- _WHAT IS NEEDED_:
Copy every line of the data below exactly as given, except for the pictures.

- _GIVEN DATA_:
==========

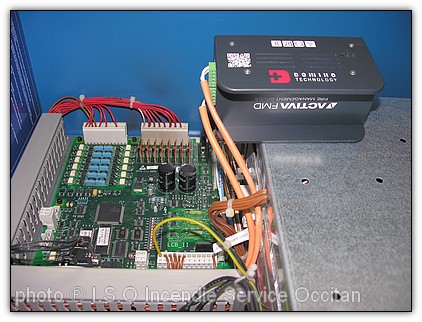 Unit� centrale ACTIVA et G�n�rateur a�rosol DSPA dans une armoire contr�leur ascenseur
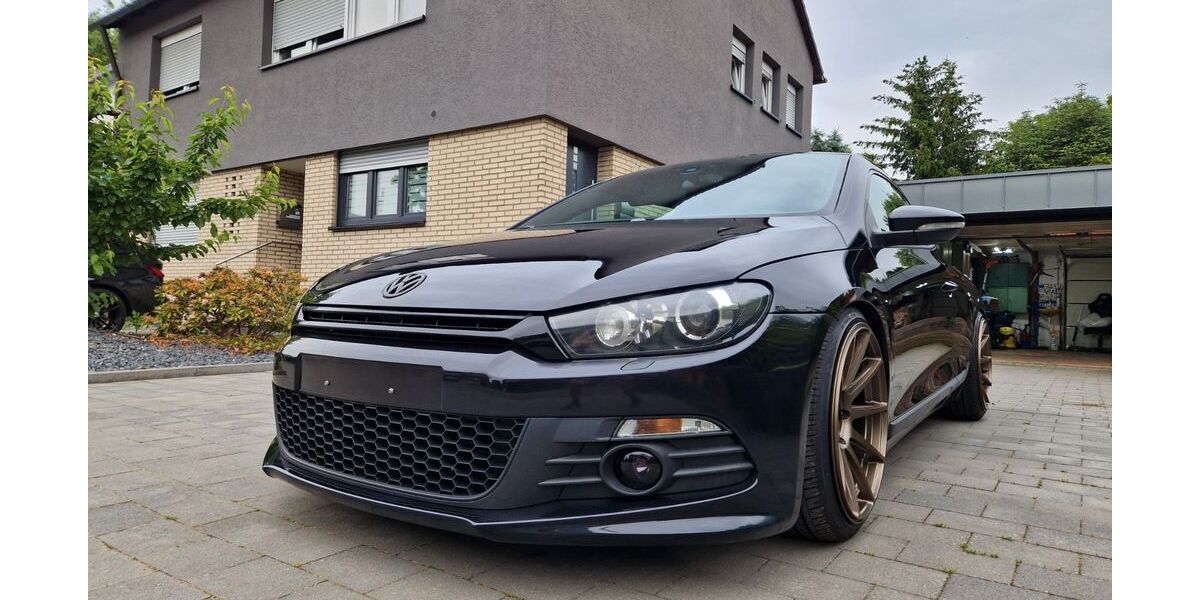 VW Scirocco 119.600 km 12.500 &euro; Euskirchen 53879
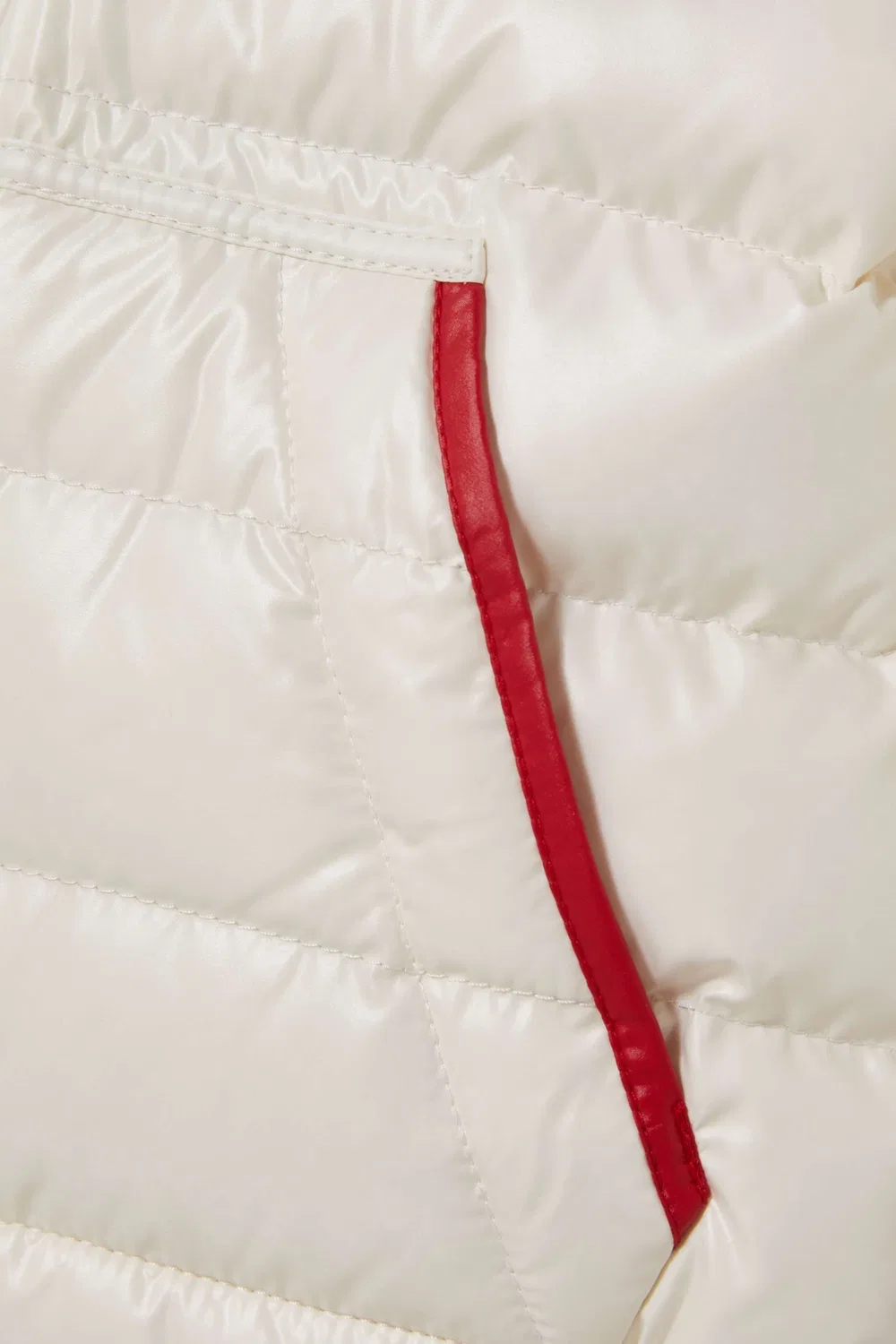 Куртка пуховая белая Moncler Enfant, белый — фото 3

==========

- _ANSWER BELOW_:
 Unit� centrale ACTIVA et G�n�rateur a�rosol DSPA dans une armoire contr�leur ascenseur
 VW Scirocco 119.600 km 12.500 &euro; Euskirchen 53879
 Куртка пуховая белая Moncler Enfant, белый — фото 3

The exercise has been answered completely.